__Source data__.

□ □ □ □ □

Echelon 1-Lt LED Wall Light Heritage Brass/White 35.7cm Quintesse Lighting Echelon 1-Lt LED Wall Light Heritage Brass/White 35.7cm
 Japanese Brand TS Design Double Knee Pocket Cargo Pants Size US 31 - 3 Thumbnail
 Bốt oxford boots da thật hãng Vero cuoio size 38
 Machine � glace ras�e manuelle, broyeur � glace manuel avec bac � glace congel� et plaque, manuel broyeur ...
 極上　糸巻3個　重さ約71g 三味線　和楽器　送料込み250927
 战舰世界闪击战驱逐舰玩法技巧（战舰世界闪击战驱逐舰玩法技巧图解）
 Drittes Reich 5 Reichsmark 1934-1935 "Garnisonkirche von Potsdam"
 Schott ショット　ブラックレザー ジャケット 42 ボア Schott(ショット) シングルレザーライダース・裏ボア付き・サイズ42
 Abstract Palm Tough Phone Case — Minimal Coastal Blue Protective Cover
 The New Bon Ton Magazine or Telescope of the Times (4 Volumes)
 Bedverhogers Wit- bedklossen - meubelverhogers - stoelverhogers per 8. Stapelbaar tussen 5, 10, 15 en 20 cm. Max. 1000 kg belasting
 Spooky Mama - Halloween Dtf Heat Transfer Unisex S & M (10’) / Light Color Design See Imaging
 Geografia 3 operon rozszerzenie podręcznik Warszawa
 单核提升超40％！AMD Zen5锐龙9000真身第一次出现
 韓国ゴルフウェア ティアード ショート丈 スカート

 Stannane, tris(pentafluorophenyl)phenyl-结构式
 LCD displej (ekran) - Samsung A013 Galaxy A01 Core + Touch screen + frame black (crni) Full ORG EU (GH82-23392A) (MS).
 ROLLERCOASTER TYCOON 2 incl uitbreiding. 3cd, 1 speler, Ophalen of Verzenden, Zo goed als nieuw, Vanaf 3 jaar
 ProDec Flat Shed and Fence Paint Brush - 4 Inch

□ □ □ □ □

__Your assignment__. Repeat exactly the lines of the listing above, from the one with "Japanese Brand TS" down to the one with "Bedverhogers Wit- bedklossen"; both of those lines belong in the range.

__Response to the task__.
 Japanese Brand TS Design Double Knee Pocket Cargo Pants Size US 31 - 3 Thumbnail
 Bốt oxford boots da thật hãng Vero cuoio size 38
 Machine � glace ras�e manuelle, broyeur � glace manuel avec bac � glace congel� et plaque, manuel broyeur ...
 極上　糸巻3個　重さ約71g 三味線　和楽器　送料込み250927
 战舰世界闪击战驱逐舰玩法技巧（战舰世界闪击战驱逐舰玩法技巧图解）
 Drittes Reich 5 Reichsmark 1934-1935 "Garnisonkirche von Potsdam"
 Schott ショット　ブラックレザー ジャケット 42 ボア Schott(ショット) シングルレザーライダース・裏ボア付き・サイズ42
 Abstract Palm Tough Phone Case — Minimal Coastal Blue Protective Cover
 The New Bon Ton Magazine or Telescope of the Times (4 Volumes)
 Bedverhogers Wit- bedklossen - meubelverhogers - stoelverhogers per 8. Stapelbaar tussen 5, 10, 15 en 20 cm. Max. 1000 kg belasting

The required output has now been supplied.